15. A telescoping garage door assembly comprising:

a plurality of panels defining a garage door, each panel of the plurality of panels having a front, a back, a top, and a bottom, the front of each panel defining a first plane and the first planes of the plurality of panels being parallel, the plurality of panels being arranged in series such that the a first panel defines the top of the door and a last panel defines the bottom of the door;

a pair of brackets connected to the back of each panel, each bracket having flanges including an upper flange and a lower flange, the upper flange defining two holes and a lip, the lower flange defining one hole, the plurality of panels being positioned in spaced relation such that the upper flange of each panel interacts with the top of the adjacent panel;

means for moving the plurality of panels including a framework configured for supporting a plurality of guide rods and a drive mechanism,

the framework being configured to support the positioning of the plurality of guide rods, the plurality of guide rods being positioned in rows perpendicular to the first planes of the panels and aligned with the brackets, the plurality of guide rods being positioned in spaced relation such that the guide rods are aligned with the holes defined in the flanges of the respective panels for the movement of the panels along the guide rods between an open and a closed position, and

the drive mechanism including two interconnected pulley systems, each pulley system having a pair of flexible members, the flexible members including lifting brackets configured for interacting with the upper flanges of the lower most panel, the means for moving being configured for moving the plurality of panels between an open and a closed position by the direct contact of the lifting bracket with the last panel, the direct contact of the lifting bracket with the lip of the upper flange of the last panel being configured to move the last panel and sequentially add the moving of the adjoining panels between the open position and closed position.
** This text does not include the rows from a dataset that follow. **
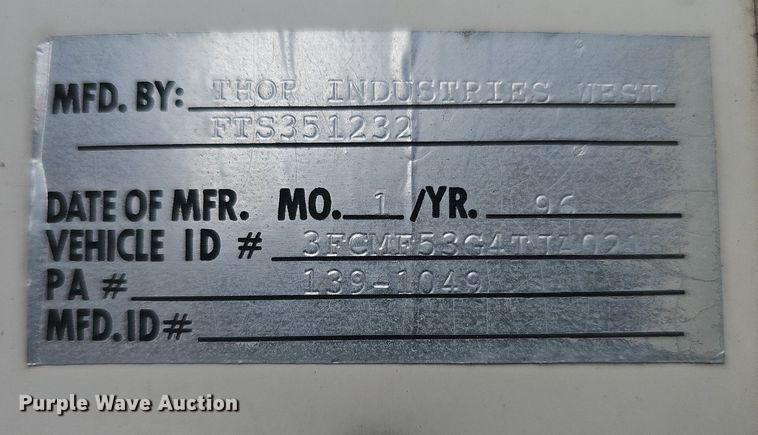 image for item DK0705 1996 Thor West Residency 3650 FTS351232 RV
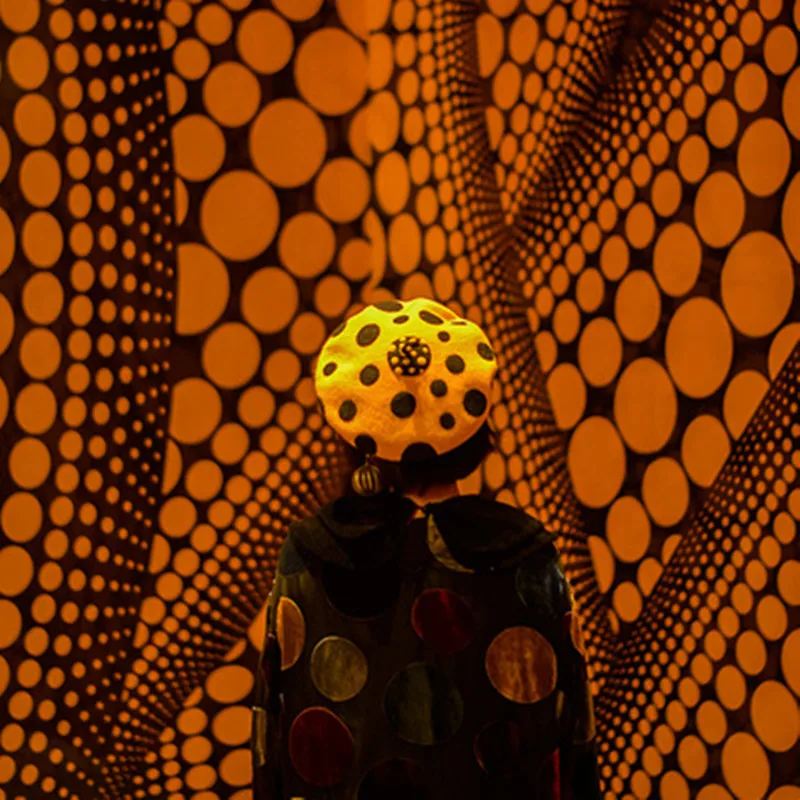 Ручная работа, шерстяной войлок Yayoi Kusama, волнистые тыквенные береты, Креативные украшения для родителей и детей, статуэтки, шапка X1759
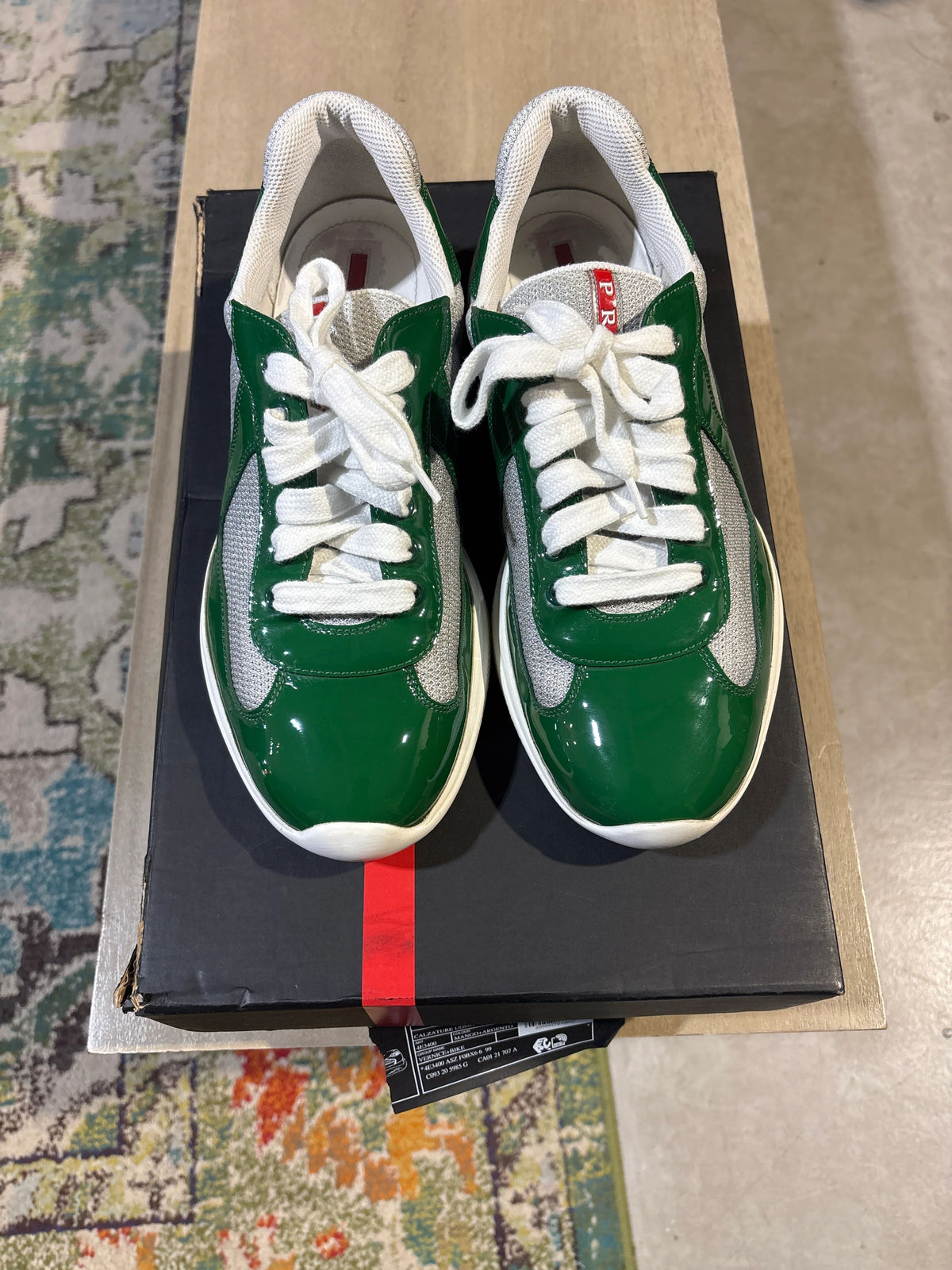 Prada Americas Cup Grey/Green Used Sz 7.5 - Pre-Owned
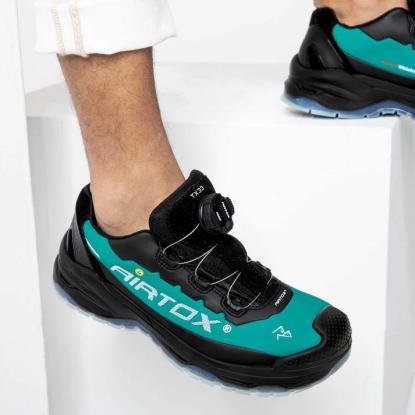 Airtox TX33 S3 sikkerhedssko med wireluk, ESD, sort/grøn
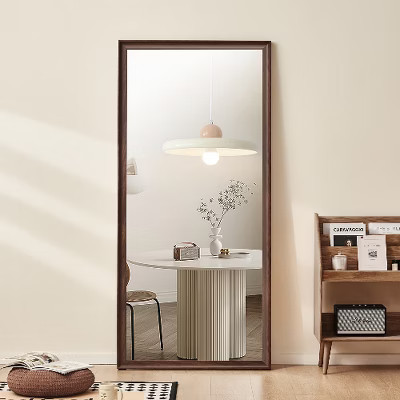 Lyngins Contemporary Full Length Mirror, Full Body Mirror with Manufactured Wood Frame, (Wall-Mount/Paste/Lean) | Floor Mirror for Bedroom/Salon,Brown | Target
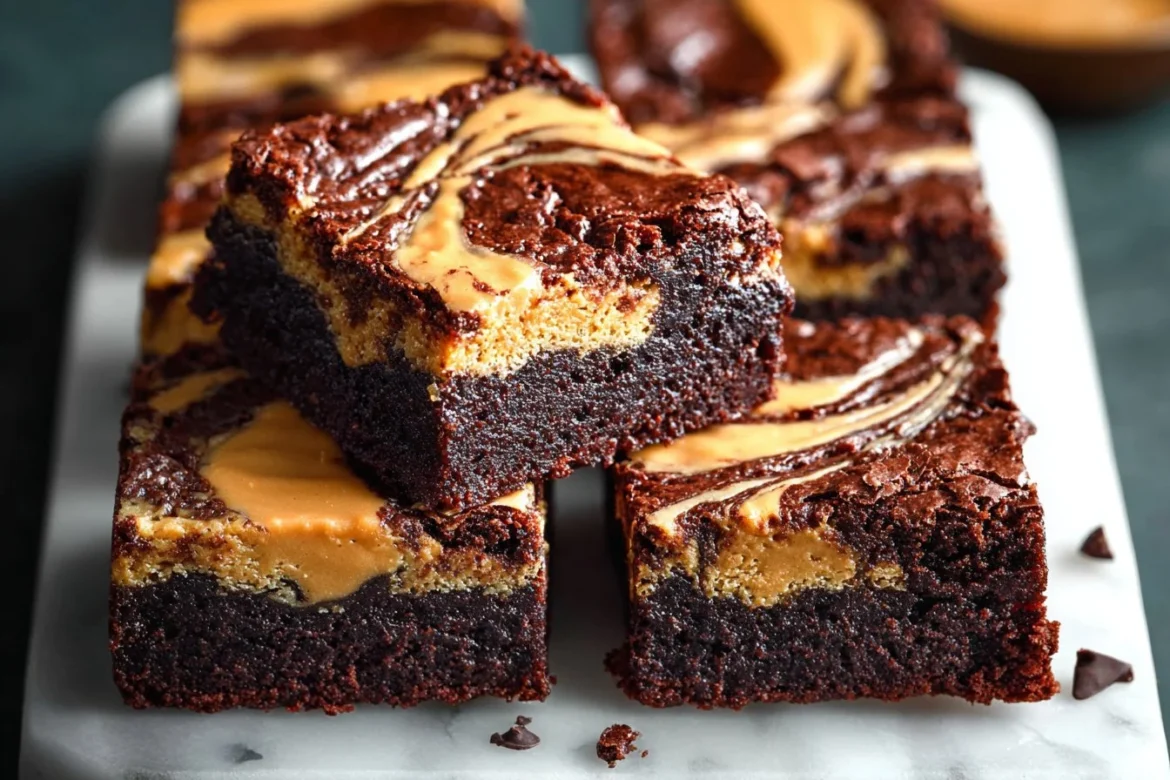 Delicious peanut butter swirl brownies topped with creamy peanut butter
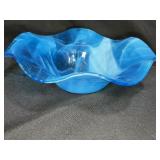 VTG MCM Murano Blue Swiel / Basket Weave Bowl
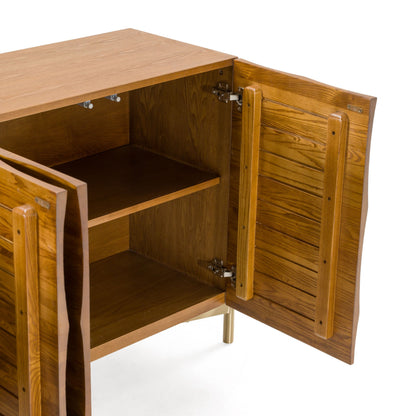 Killeen Gold and Walnut Four-Door Buffet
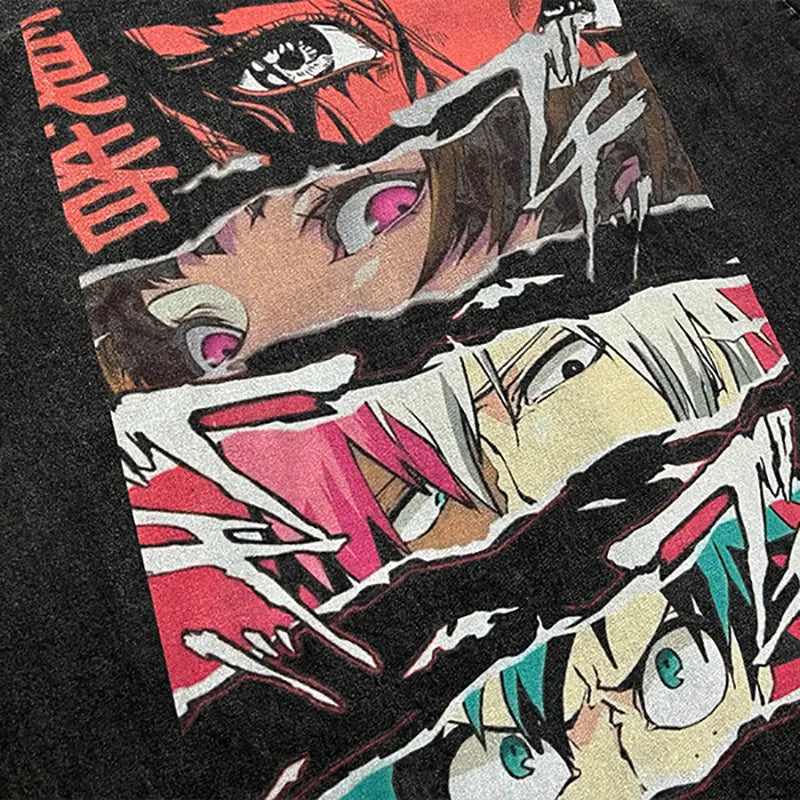 Retro Japanese Anime Graphic Oversized T-Shirt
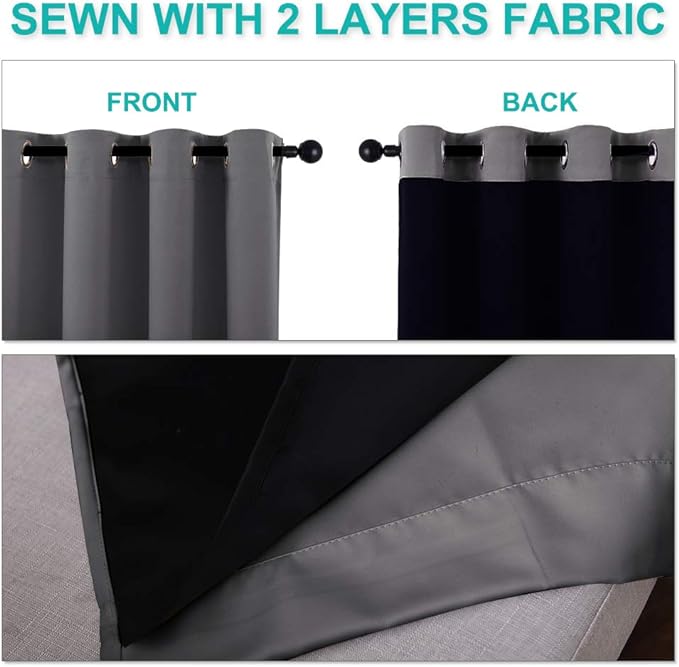 NICETOWN 100% Blackout Short Curtains - Image 5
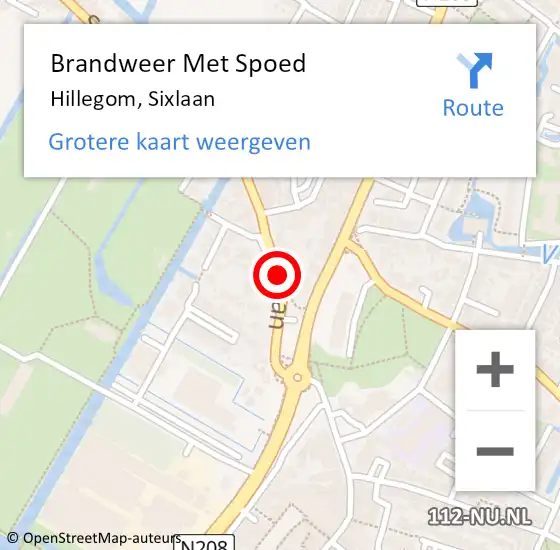 Locatie op kaart van de 112 melding: Brandweer Met Spoed Naar Hillegom, Sixlaan op 29 oktober 2013 04:36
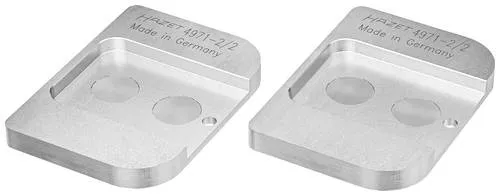 Hazet 4971-2/2 Adapterplatten Satz - Werkzeug-Sets für beschädigungsfreies Zurücksetzen von Doppelkolben Bremssätteln mit breiterer Auflagefläche und starken Magneten für einfache Handhabung.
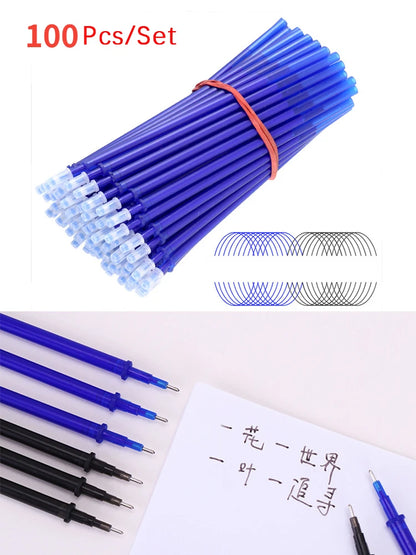 100-Pack 0.5mm Erasable Gel Ink Refills with Bonus Erasers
16. The telescoping garage door assembly of claim 15, wherein the plurality of panels are moved in the first plane defined by each panel between the open position and closed position.

17. The telescoping garage door assembly of claim 15, wherein each of the panels of the plurality of panels is formed by a door panel forming machine, the panel forming machine defining corrugations in each panel.

18. The telescoping garage door assembly of claim 15, wherein the plurality of guide rods include adjustable stops and guide rod brackets, the stops and guide rod brackets being configured to limit the movement of the plurality of panels.